Start of Excerpted records

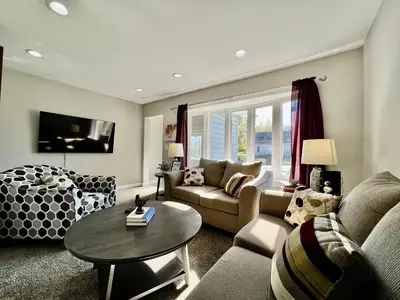 a living room with a couch and a table at 7086 Tylersville Beautiful 4 BDR Home - Near I-75 in Maud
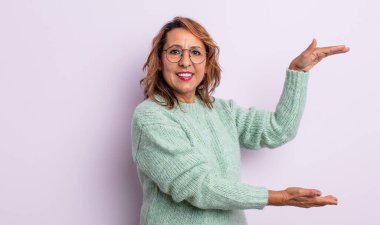 Orta yaşlı kadın gülümsüyor, mutlu, pozitif ve tatmin olmuş hissediyor, fotokopi alanında nesne veya konsept tutuyor veya gösteriyor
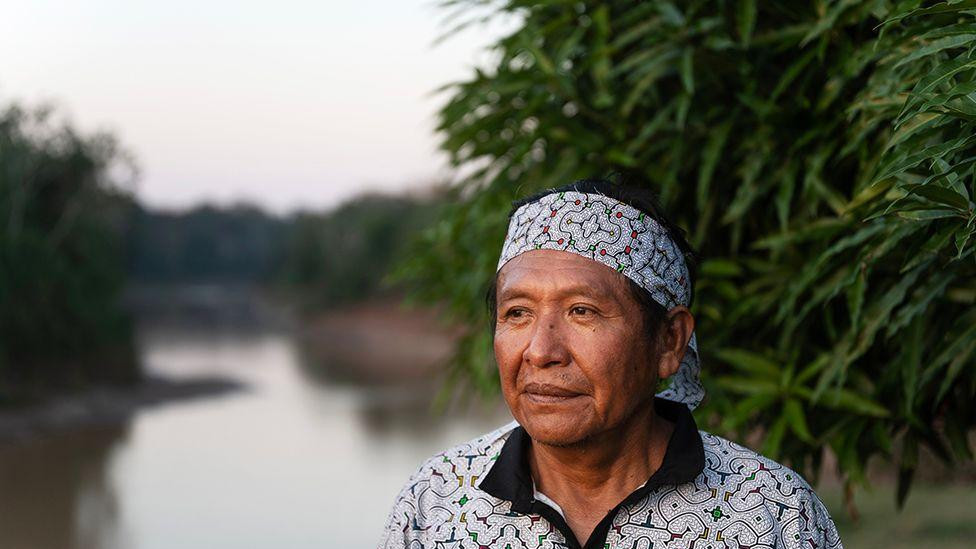 Muškarac nosi šarenu košulju i maramu na glavi, stoji blizu obale reke. U pozadini se vidi mirna voda okružena zelenilom, sa gustim rastinjem sa desne strane i drvećem u daljini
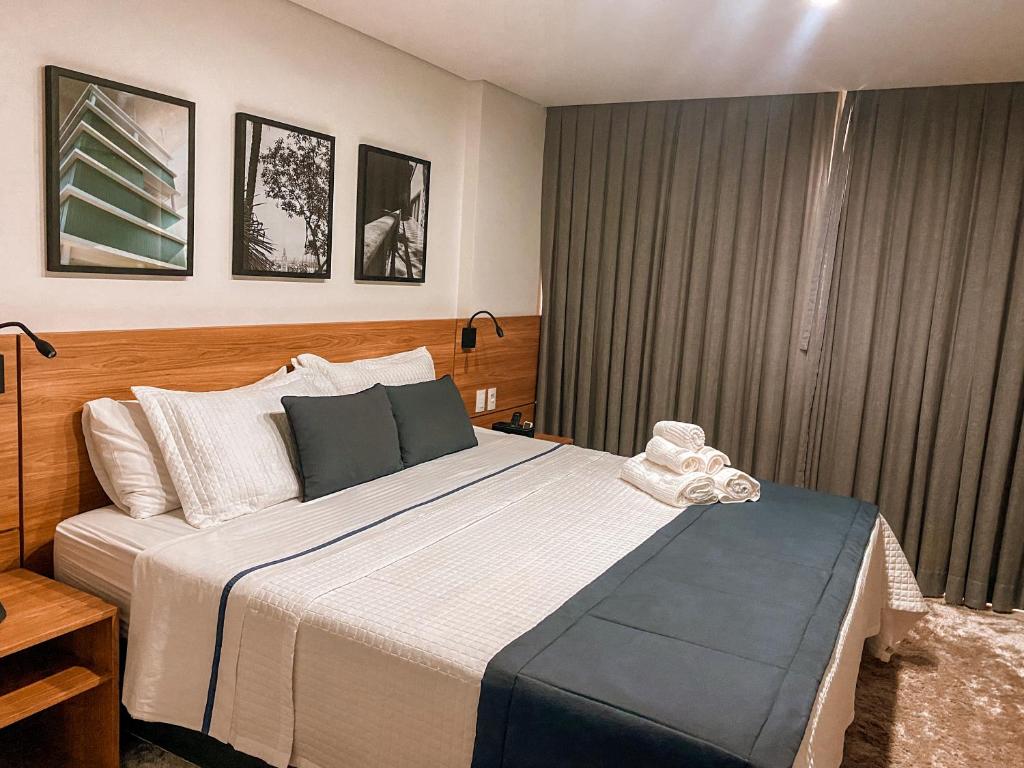 a bedroom with a large bed and a window at Apart-hotel Granja Brasil Itaipava in Itaipava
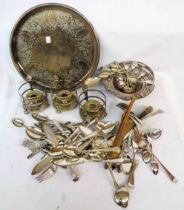 A box containing a quantity of silver plated items including large tray, chambersticks, cutlery,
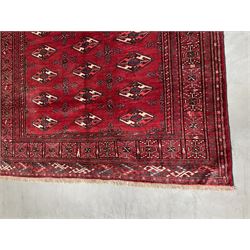 Turkman Bokhara rug, red ground field decorated with repeating Gul motifs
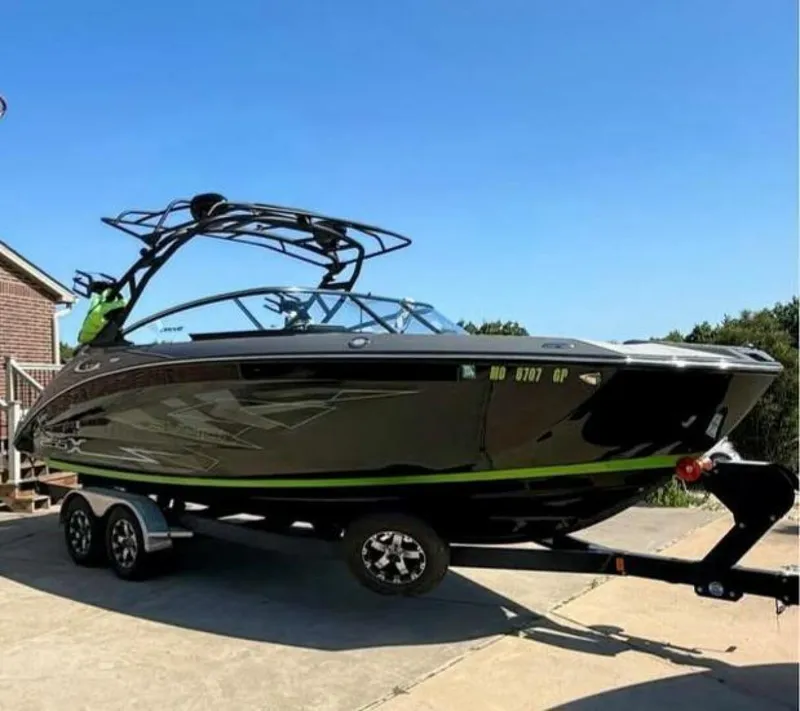 Slide: The Image of 2021 Yamaha Boats 255XD on trailer, sleek black design with green accents, parked outdoors. - 0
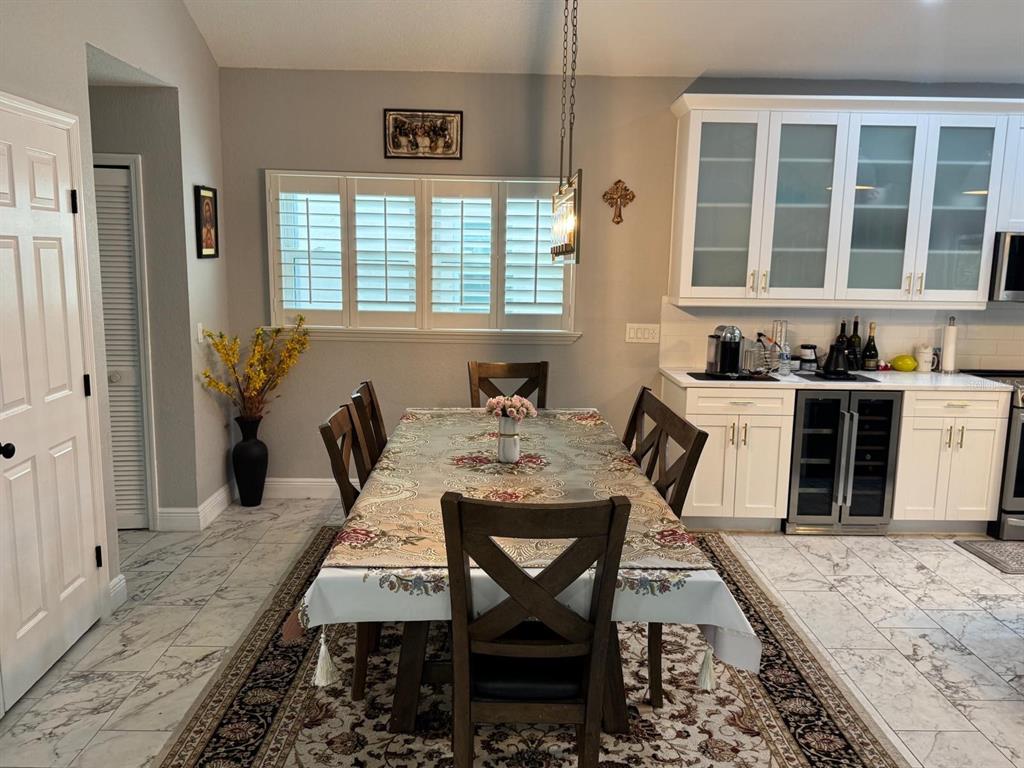 5221 Spike Horn Drive New Port Richey, FL 34653 - Photo 6 of 34 a view of a dining room with furniture and window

End of Excerpted records

§ Exercise brief
A word-for-word copy of the data above is needed, one that omits the pictures.

§ Solution for this exercise
 a living room with a couch and a table at 7086 Tylersville Beautiful 4 BDR Home - Near I-75 in Maud
 Orta yaşlı kadın gülümsüyor, mutlu, pozitif ve tatmin olmuş hissediyor, fotokopi alanında nesne veya konsept tutuyor veya gösteriyor
 Muškarac nosi šarenu košulju i maramu na glavi, stoji blizu obale reke. U pozadini se vidi mirna voda okružena zelenilom, sa gustim rastinjem sa desne strane i drvećem u daljini
 a bedroom with a large bed and a window at Apart-hotel Granja Brasil Itaipava in Itaipava
 A box containing a quantity of silver plated items including large tray, chambersticks, cutlery,
 Turkman Bokhara rug, red ground field decorated with repeating Gul motifs
 Slide: The Image of 2021 Yamaha Boats 255XD on trailer, sleek black design with green accents, parked outdoors. - 0
 5221 Spike Horn Drive New Port Richey, FL 34653 - Photo 6 of 34 a view of a dining room with furniture and window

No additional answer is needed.